We see that label 6 ("shirt" category) was one of the most difficult categories to predict correctly. This might be because there is a lot of variability in what shirts can look like, and that shirts often look similar to other articles of clothing in different categories, such as dresses or t-shirts.

Below, I show 2 images from each class that my model classified correctly and 2 images that were classified incorrectly. The incorrectly labeled images state the labels predicted by my model.

T-shirt (Correct)

T-shirt (Incorrect)

Trouser (Correct)

Trouser (Incorrect)

Pullover (Correct)

Pullover (Incorrect)

Dress (Correct)

Dress(Incorrect)

Coat (Correct)

Coat (Incorrect)

Sandal (Correct)

Sandal (Incorrect)

Shirt (Correct)

Shirt (Incorrect)

Sneaker (Correct)

Sneaker (Incorrect)

Bag (Correct)

Bag (Incorrect)

Ankle Boot (Correct)

Ankle Boot (Incorrect)

In this part, our goal was to segment different parts of an image into five different classes: facade, pillar, window, balcony, and other.

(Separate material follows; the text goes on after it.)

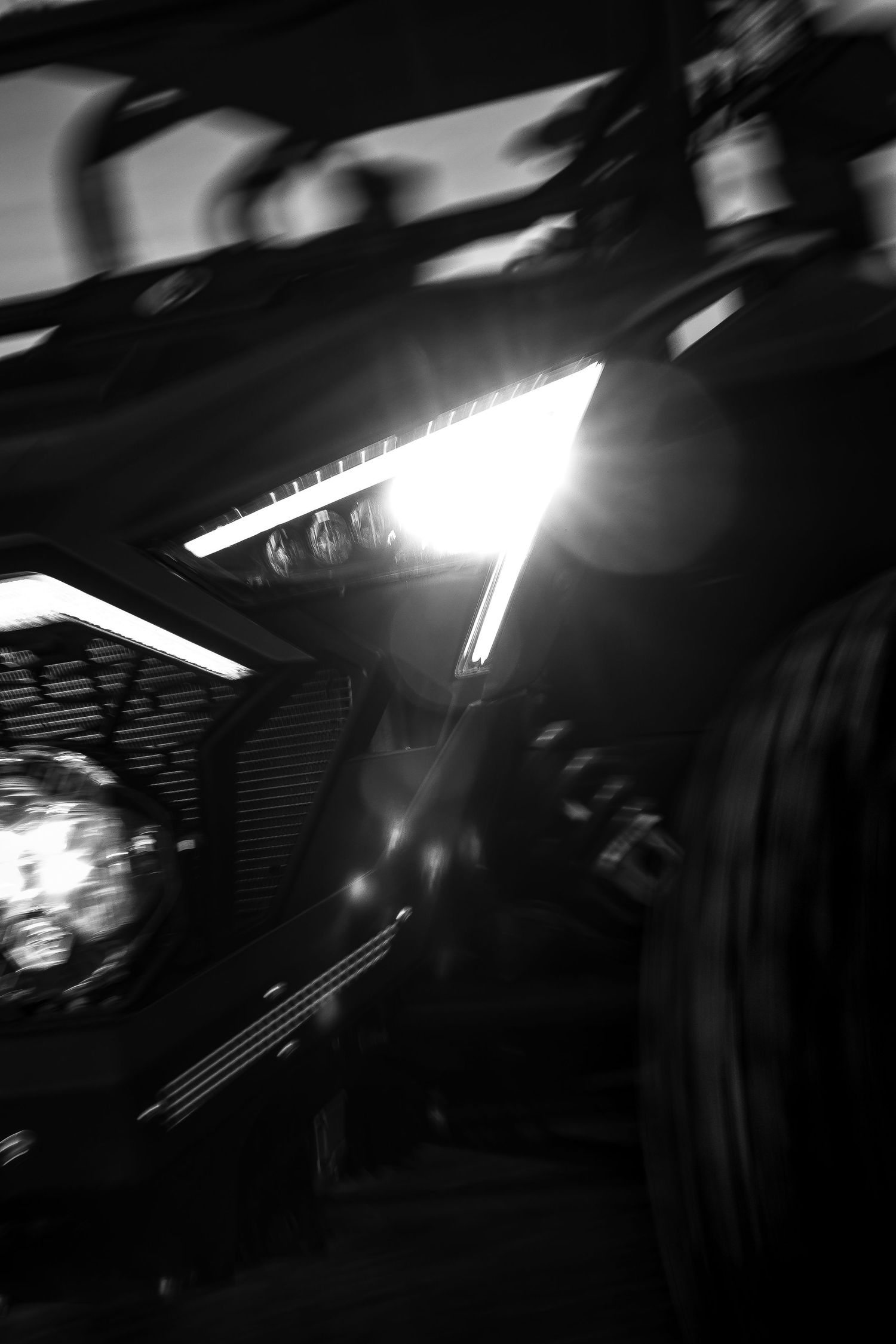 Close-up black and white photo of a UTV side-by-side vehicle headlight glowing brightly in the dark.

To train our model, I created a convolutional neural net with 5 convolution layers. Here is my detailed architecture:

1. Conv2d(3, 128, 5)

2. ReLU

3. Conv2d(128, 64, 3)

4. ReLU

5. MaxPool2d(2, 2)

6. ConvTranspose2d(64, 64, 4)

7. Conv2d(64, 32, 3)

8. ReLU

9. MaxPool2d(2, 2)

10. ConvTranspose2d(32, 32, 4)

11. Conv2d(32, 16) 12. ReLU

13. MaxPool2d(2, 2)

14. ConvTranspose2d(16, 16, 4)

15. Conv2d(16, 5, 5)

The MaxPool would downsample the images, so I used ConvTranspose to upsample and match the resolution of the input image.

I tuned my hyperparameters using 80% of the training data set, which was around 180 validation images. In the end, the parameters that gave the best results included using 50 epochs, a learning rate of 1e-3, a weight decay of 1e-5, among other parameters.

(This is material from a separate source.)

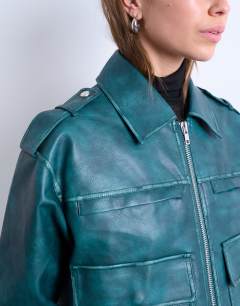 Model wearing Faux leather heavy washed zip through jacket in teal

Below is the output of one of my test images. The original image has three main vertical sets of windows as well as pillars surrounding those windows. There is a small balcony at the top. My model was mostly able to classify the windows and the pillars to some degree but missed the balcony.

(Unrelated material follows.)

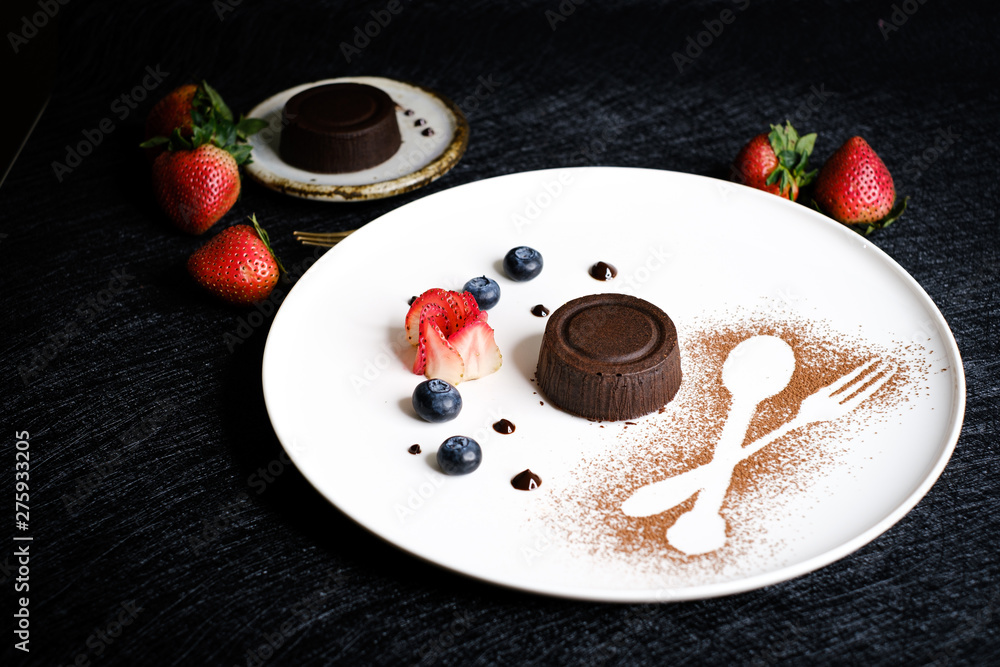 Fototapeta premium Molten chocolate lava cake with berries on white plate.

Overall, we achieved an average precision of 0.46575. Below we see the average precisions for each of the specific classes. While our model did relatively well for facades (blue) and windows (orange), but did pretty poorly for pillars (green) and balconies (red). This might be because the pillars and balconies don't take up a lot of area in the images they occur in, and so our model wasn't able to train as well on these classifications.

I tried running my model on an image of Doe Library. Below is the original and the segmented image. In general, the model did a good job of identifying the windows and the facade of the library. However, it also misclassified the pillars as windows. But as shown with the APs above, we know that our model was not very good at accurately identifying pillars so it makes sense that it failed in that area for Doe Library.

Overall, I enjoyed working on this project! It was a bit challenging since I haven't taken a machine learning course before, but I thought it was a valuable experience to learn how to use PyTorch and to gain a better understanding of how convolutional neural nets work. It was also really satisfying to see my model work in classifying clothing images and segmenting building images!